We take speaking for granted, but when presenting to an audience and trying to persuade them, we need to revisit the very core of what we've been doing since we were a toddler. Here we'll focus on three different techniques that you can easily employ to improve your public speaking: Connecting, Pausing, and Articulating. Let's start with making a connection. Most of our presentations have an emotional angle somewhere, whether you're selling a product or trying to improve your classes' math scores, emotion is in there. Find it and turn it into a story. If you're selling a product, tell them how it has helped you or a client.

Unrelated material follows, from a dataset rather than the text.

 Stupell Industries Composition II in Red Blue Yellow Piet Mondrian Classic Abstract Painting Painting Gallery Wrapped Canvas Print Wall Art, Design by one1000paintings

And I just don't mean with facts and numbers; use your emotions and make a connection. For example: This safety program is important to me because our lives are on the line. I have a family to get back home to everyday and I know you do too. I've made a promise to them to make this workplace as safe as possible and we owe it to them to follow these proven safety procedures to the letter. Or perhaps this: Here at Match Signal, we practice what we preach. We implemented the Series 9000 in our own office three months ago and we saw efficiency jump.
But let me tell you it's more than that. Just last week I overheard a coworker explaining how great it was to be able to go home early and spend more time with his family, and that's how I know that this product works. Pausing--when we speak we sometimes have a tendency to go at full speed and pick up a few breaths along the way. We must remember to pause. The pause has a few great side effects. In addition to giving us that all important breath, it's a queue for the audience to think or reflect on what was just said. It's dramatic.

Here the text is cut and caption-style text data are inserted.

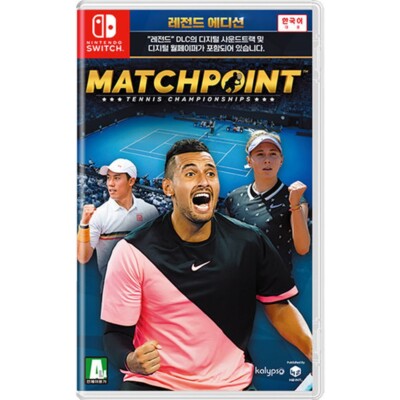 Switch Matchpoint Tennis Championships Korean Version English Chinese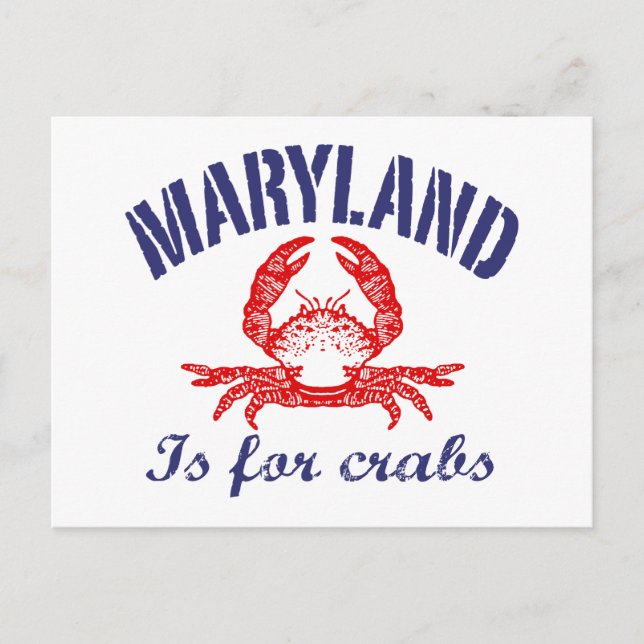 Carte de crabe du Maryland (Devant)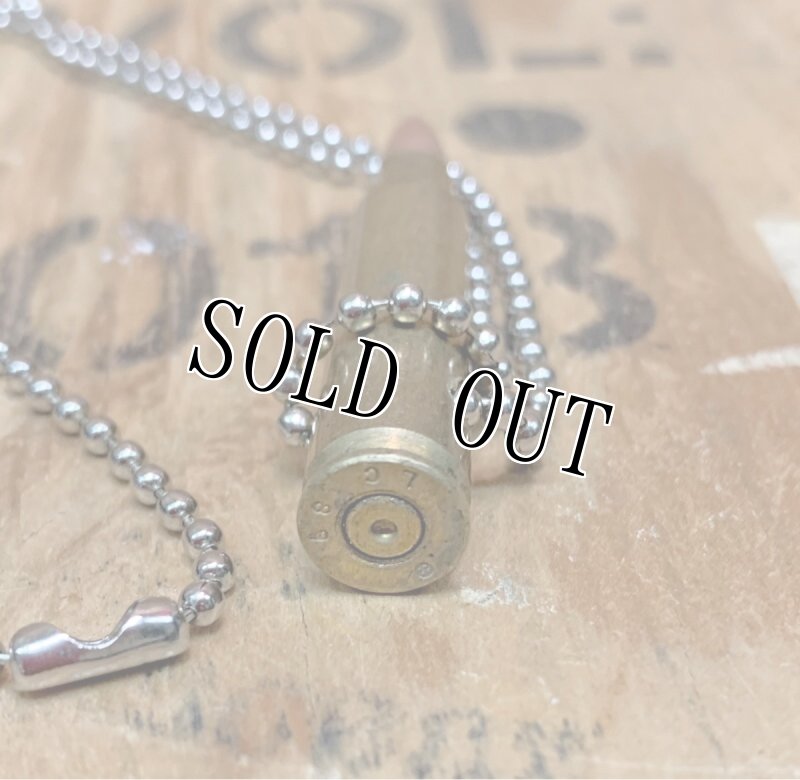 画像3: 米軍放出品 55.6実弾 アクセサリー ネックレス (3)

Think of the pause as a very powerful period at the end of a sentence or a thought, one that says, "I just said something so profound, I'm going to give you a moment to realize how awesome it was." Articulating--as you practice pausing in all the right places, consider the way you articulate your words. We have to acknowledge that our audience doesn't have perfect hearing, nor are they always focused on our message as much as we would like. And so to counter that, we need to speak as clearly as we can, while placing emphasis on the most important words, the ones that we want to resonate with our audience.
See how that works? These techniques and others will help convey a sincere message to your audience that they can understand and connect with. If you find yourself weak as a speaker, just practice. Get in front of a mirror or better yet, a video camera, and just set aside an hour to practice your delivery and review your performance.